My good friends at the Seattle VR&E office have finally received their marching orders from the DC overlords. In what appears to be a case of scarce judicial resources, they gave up on a local attempt to rebut my NOD and sent it out to the cleaners. I will grant them this. They are speedy and must be employing the VBMS. I have never seen a Statement of the Case (SOC) issued in such record time since my filing in 1994. At that time, a NOD filed on December 7th, 1994 was answered with a SOC on January 9th, 1995. This one was a close second in that the NOD was filed in October 2012 and the SOC arrived last week. It took me a few days to digest it. For a while there, I thought that they had me confused with another Vet. After finding all those other Vets’ records in my c-file, I was positive this was the case. After reading further, I realized it was me after all. Anyone here who has been following the claim is probably aware that this is a discussion about one (1) (uno) (nung) (un) greenhouse. Imagine my surprise to read that I have not one but two (or three) greenhouses and am being greedy. I was also informed that my attempt to cheat local merchants out of their due by growing my own veggies ( and flowers) is right out. Apparently I can’t use the Independent Living Program to skirt paying the local truck farmers. My Form 9 will have to include a Miriam Webster dictionary definition of what constitutes a “greenhouse”. I have often talked here on the blog as well as in my book about how VA uses the written word to “bend” the meaning of things. Nowhere is that more evident than their latest opus. I include the decision here for those who will follow after me on this quest. When the battle is won, a clear path through the wreckage will emerge.

This may help many of you to avoid the pitfalls I have   encountered. I can see the battle lines are being drawn along the “independence in daily living” argument I tried to poke a hole in. The word “avocational” also seems to be a big stumbling block as well. It’s rather hard to carry on a conversation with the likes of a Cheez-it® cracker screaming “I can’t hear you!” Yet this is what I am dealing with at the VARO level. Actually, I suspect it is lip synching via the Washington DC Bureau of Denials. Perhaps they just transmit the language back to the local yokels for the steno pool. The long and the short of all this is that once again VA has resorted to taking one small niggling fact you have supplied and running pell mell down the field in the wrong direction. In this case, I suspect the problem lies with my Voc Rehab guru. Mr. K has perused the gardening facilities and come to the remarkable conclusion that I have numerous “greenhouses” on site and therefore do not require additional ones. The additional argument is what should disturb every last one of you who  aspires to ILP greatness. “His intention is to use avocational intervention to sustain his independence in daily living is not necessary, reasonable, or justifiable under Title 38 CFR 21.160” Let’s just overlook for a moment that this is a run-on sentence. There are too many “is”s in it. What the VA is saying is that at no time-ever- will avocational programs be permitted under the IL Program umbrella. The word “avocational” is anathema to them.
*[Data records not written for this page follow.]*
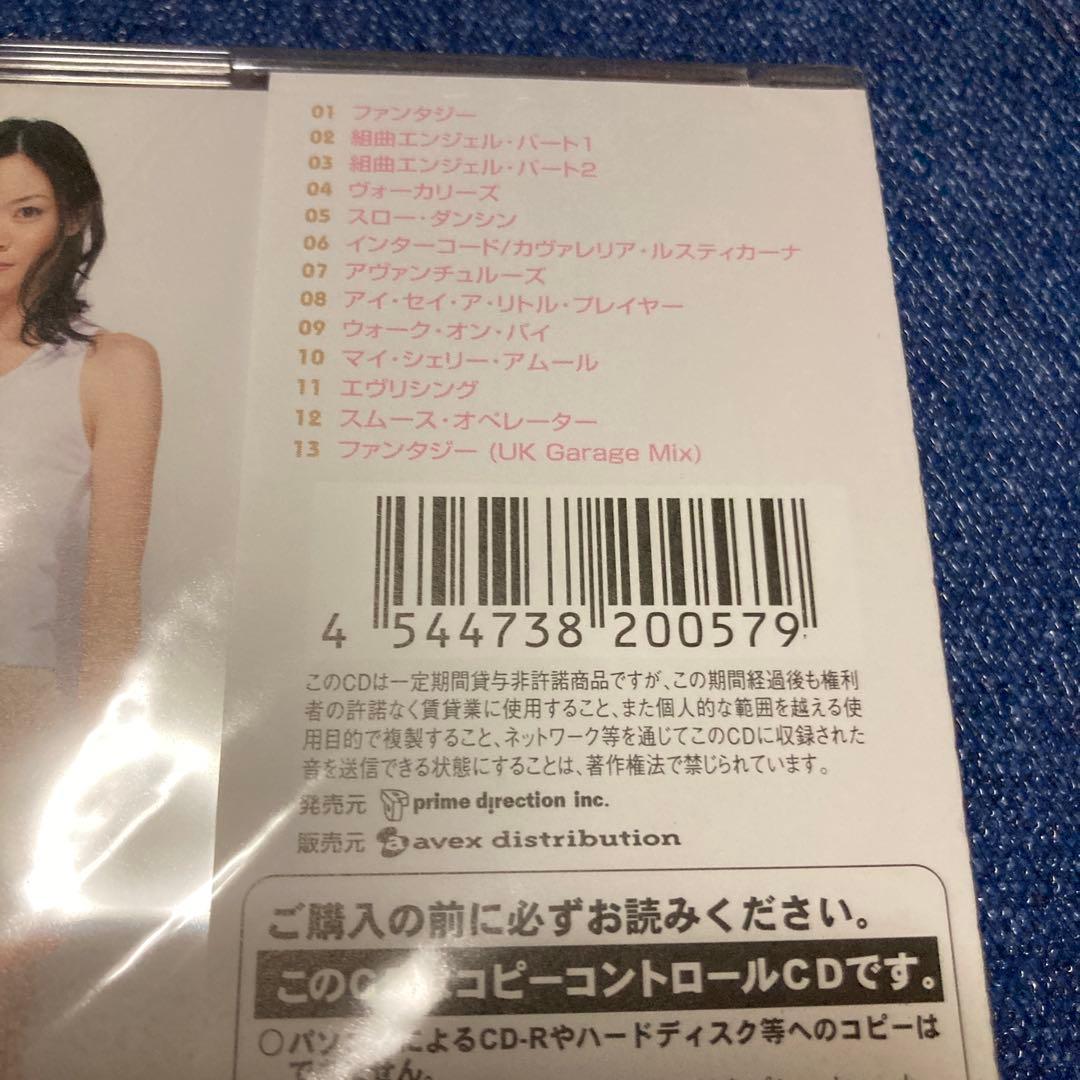 マヤ　MAYA ANGEL plays SOUL 未開封　CD バイオリン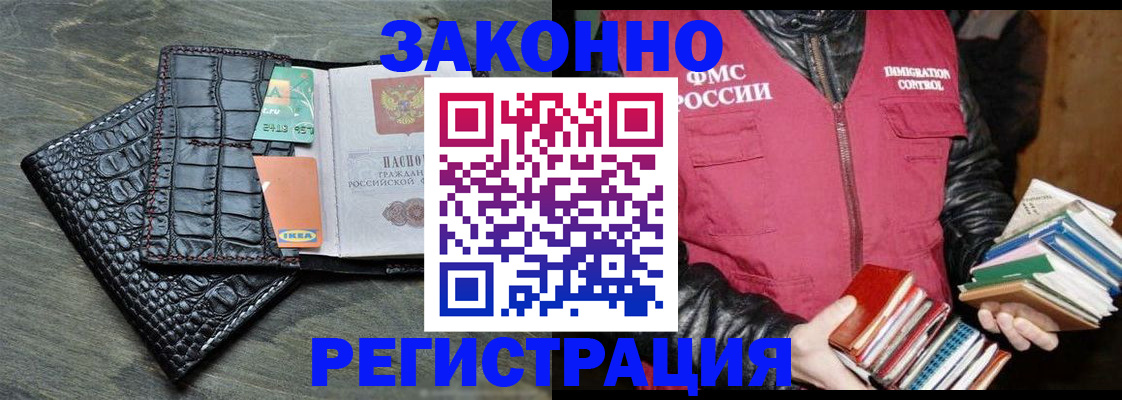форма 3 в Сухиничи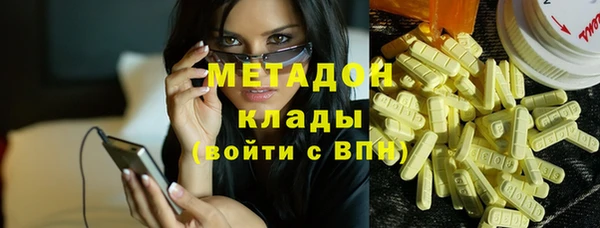 COCAINE Бронницы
It is commensurate with flawed dogma. The whole Voc-Rehab program is predicated on one tenet: VA allocates funds/training/ tools to qualifying Veterans to prepare them for reentry into the job market. It is vocational in its thrust. In a word, it seeks to employ you. On the other hand, once you have demonstrated that you are not a candidate for the vocational rehabilitation by virtue of your disabilities, you are a candidate for the IL program. This is where the dichotomy yawns between logic and illogic.

Decades ago at the inception of this program, the concept of avocational pursuits to while away the hours was considered by psychiatrists as valuable to the continuing mental health of Veterans. Gradually they moved away from that pronouncement and gravitated to what could be a proven path to maintaining mental health. Finally, after almost thirty years, the present philosophy of providing grab bars and cordless phones in lieu of photography equipment has emerged. No longer are Vets provided an outlet for their creative juices. They are corralled into a small area and offered devices to put their socks on with. Shoe horns are a big item, too. VA is also big on issuing grab devices to get that can of pork and beans off an upper shelf in order to maintain you independence in everyday living with the reduced help of family and community. Always remember that grabbing said can of beans is purely a vocational pursuit.
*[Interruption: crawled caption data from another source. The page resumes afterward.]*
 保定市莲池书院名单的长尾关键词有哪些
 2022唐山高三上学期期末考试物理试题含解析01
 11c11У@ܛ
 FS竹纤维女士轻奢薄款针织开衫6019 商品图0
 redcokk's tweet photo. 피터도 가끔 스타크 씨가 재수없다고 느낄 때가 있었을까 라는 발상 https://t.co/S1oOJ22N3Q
At what point do we say enough? Let’s take the term “independent living” and run it through the smell test. Independence is a term that connotes the ability to be free in your person and life to make choices. Independent living as a phrase connotes living with reduced supervision in the ILP context but only from the myopic viewpoint of Veterans. VA’s take on this convolutes the meaning and inserts a means test with an impenetrable barrier. Anything beyond Depends® undergarments is avocational which is now prohibited. How, then, do we explain decades of grants for John Deere riding lawnmowers and snowplow attachments? What about that computer they “issued” many of us? If it wasn’t to obtain that high-paying job as a technical consultant (read vocational), then it was-uh oh- avocational, right? This is the dreaded means test. There must be an unwritten rule of VA ILP that the cost of an item or items is the definitive reason for denial. The Dell computer, all-in-one-printer and software obviously did not break the bank or overstep the financial limits in my case. Mr. Bruce McCartney’s greenhouse grant in Atlanta similarly did not set off alarms other than his protracted fight to obtain it. Another Vet down in Vancouver, Washington (USNDW) has had great success with his Voc Rehab counselor concerning a wide variety of items but is slowly discovering there are limits.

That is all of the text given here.